Tüm bunların ışığında Osmanlı da seçkinci yapıyı ve Osmanlı’dan Cumhuriyet’e seçkinci yapının dönüşümünü temelde, Fatih Sultan Mehmet Han’ın İstanbul’u fethederek ardından sadrazamlık makamına Türk asıllı Çandarlı Halil paşanın yerine, devşirme Zaganos Paşayı getirmesinde bulabiliriz. Bu şekilde Osmanlı’da her alanda olduğu gibi Osmanlı seçkinler yapısında da yeni bir dönem başlamıştır. Osmanlı İmparatorluğunda Devşirme Sisteminin, yöneten-yönetilen ilişkisi açısından ve iktidarı yönlendirenler olarak değerlendirilmesi son derece önemlidir. Yakın geçmişe gelinceye değin, Türk toplumunun tarihsel değişimi içinde en etkili en uzun ömürlü seçkin grubunu, kuşkusuz bir bürokrat seçkinler grubu oluşturuyordu. Yüzyıllar boyu yaşayan, sınırları çok geniş bir imparatorluğun, yetkileri ne ölçüde sultanda toplanmış olursa olsun, çok güçlü bir bürokrasi oluşturması kaçınılmazdı. Devlet örgütüne egemen olan bürokrat seçkinler, Osmanlı dönemindeki önemli değişimlerde oynadıkları rolü, Cumhuriyet Türkiye’sinde de uzun süre sürdürdüler (Çaylak, 1998: 21–98).
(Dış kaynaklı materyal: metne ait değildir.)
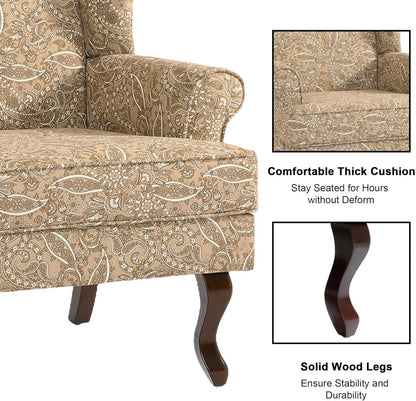 Accent Chair, High Back Upholstered Armchair with High Resilience Sponge & Wood Legs, Mid-Century Modern Comfy Single Sofa Reading Chairs for Living Room, Bedroom (Floral Light Brown, Set of 1)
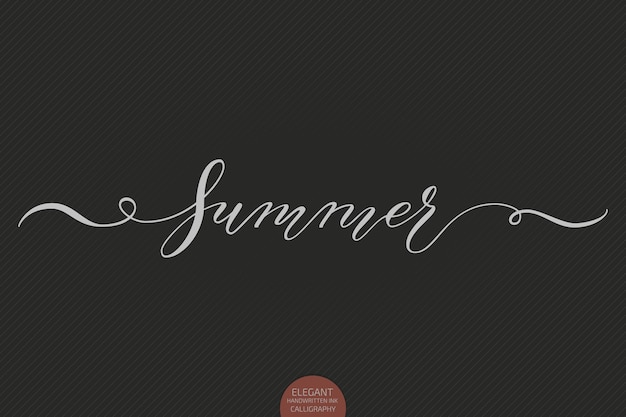 Free Vector hand drawn lettering summer. elegant modern handwritten calligraphy.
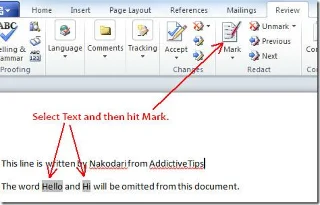 Text in Microsoft Word 2010/2007 ausblenden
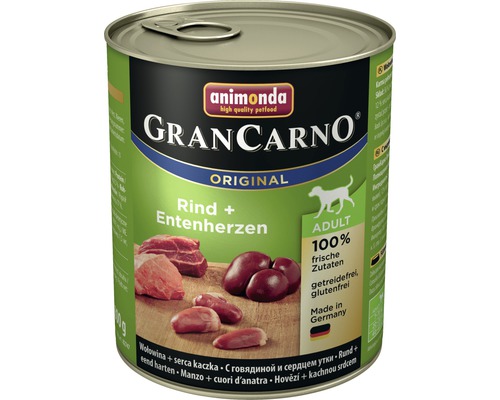 Wet dog food animonda Gran Carno Original Adult beef + duck hearts 800 g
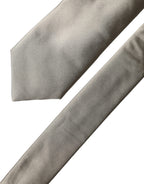 White Tattoo Floral Silk Adjustable Men Tied Necktie Tie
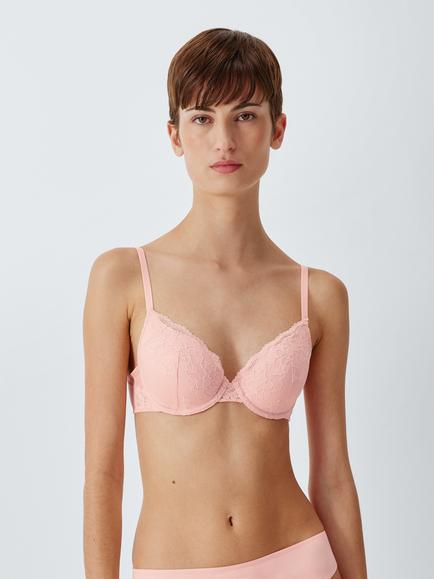 John Lewis Olivia Lace Plunge Bra, Light Pink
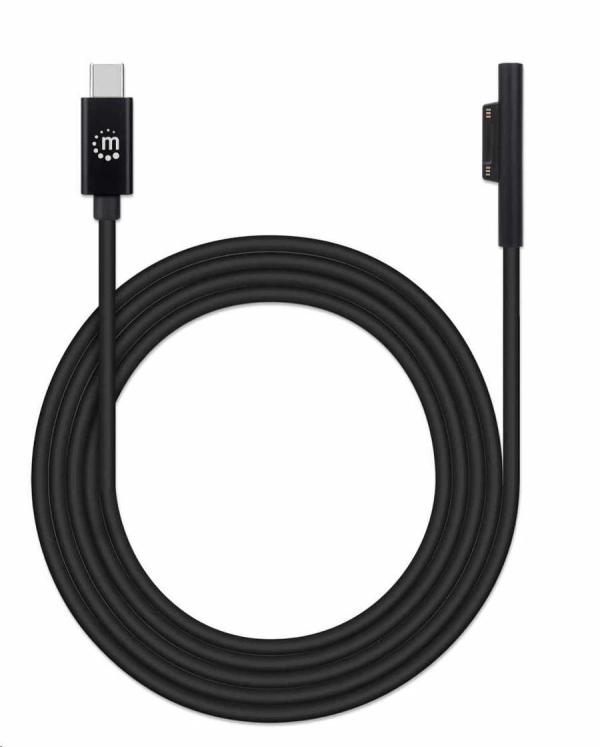 Manhattan nabíjecí kabel, Surface Connect to USB-C Charging Cable (M/M), 15 V / 3 A, 1.8m, černá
Osmanlı Devşirme Sistemi ve Bu Sistemin Osmanlı Seçkinler Yapısında Önemi: Osmanlı Devletinin yönetim yapısını ellerinde bulunduran unsurlar hristiyan

azınlıkların çocuklarından oluşmaktaydı. Çocukluk yaşlarında ailelerinden alınanlar, bir süre Türk ailelerde bulundurulduktan sonra, bürokrasinin özel olarak kurduğu okullarda eğitiliyorlar, sonra da başarılarıyla orantılı olmak üzere devletin çeşitli kademelerine getiriliyorlardı. Bu kişilerin batılı örneklerinden daha büyük ölçüde sadık bir bürokrasi oluşturmalarının nedeni, toplumsal ve kültürel kökenlerinden tamamen koparılmaları ve varlıklarının tümüyle devletin varlığına bağlanmasıdır. Yetiştirilmeleri, çalışma koşulları bu bürokrasisinin devlet karşısında özerk bir aristokrasiye dönüşmesine olanak vermemiştir. Tüm bu güçsüzlüğüne karşın, bu bürokratlar Osmanlı devletini işleten seçkin kişilerdi. Gördükleri işlevler açısından da, diğer devletlerin bürokrasilerinde karşılaşılamayan genişlikte önemli görevlerle donatılmış bulunuyorlardı. Kısaca Devşirme Sistemini açıklayacak olursak;

Türk-İslâm devletlerinde görülen, savaş esirlerinden asker yetiştirme ve ordu kurma işini, Osmanlı Devleti’nde de görmekteyiz. Bu usul, Osmanlı Devleti’nde “Pencik” adını almıştır. Ancak Osmanlı’daki sistem diğer devletlerdekinden farklılıklar arz etmiştir. Zira Osmanlı pencik sisteminde esirler, Türk ailelerin yanında uzun zaman eğitime tâbi tutuluyordu. Bu sistem bir süre yaşadıktan sonra yerini, daha teşkilatlı ve köklü bir ordu kurma imkânı veren “Devşirme Sistemi”ne bırakmıştır (Uzunçarşılı, 1989a: 13–53). Devşirme: Saray hizmetleriyle Yeniçeri Ocağı'nda istihdam edilmek üzere toplanan Hıristiyan çocuklar hakkında kullanılan bir tabirdir. Bu hizmetler, daha evvel savaş esirlerine gördürülüyordu. Esirler, I. Murad zamanında kurulan “Yeniçeri Ocağı” denilen ocakta yetiştirildikleri gibi, sayıları fazla olduğu zamanlarda Türkçeyi ve Türk-İslam geleneklerini öğrenmek üzere Anadolu’daki ailelerin yanına da verilir, sonra alınarak muhtelif işlerde istihdam edilirdi. Osmanlı sınırlarının Balkanlar’a ulaşmasıyla birlikte, devletin artan asker ihtiyacını karşılamak için yeni imkânlar aranmıştır. Böylece, “Osmanlı topraklarında yaşayan gayr-i Müslimlerin” küçük yaşta olanlarının beşte biri alınmaya ve Acemi Ocağı’na kaydedilmeye başlanmasıyla, “Acemi Oğlanı” toplamak suretiyle “Devşirme” sistemi oluşmuştur. Devşirme Sistemi, Yeniçeri Ocağı’nın I. Murad zamanında kurulmasından başlayarak I. Çelebi Mehmed zamanında gelmiş, II. Murad zamanından itibaren de bir sistem olarak yürütülmüştür. Bu sistem, 17. asra kadar fonksiyonunu devam etmiştir.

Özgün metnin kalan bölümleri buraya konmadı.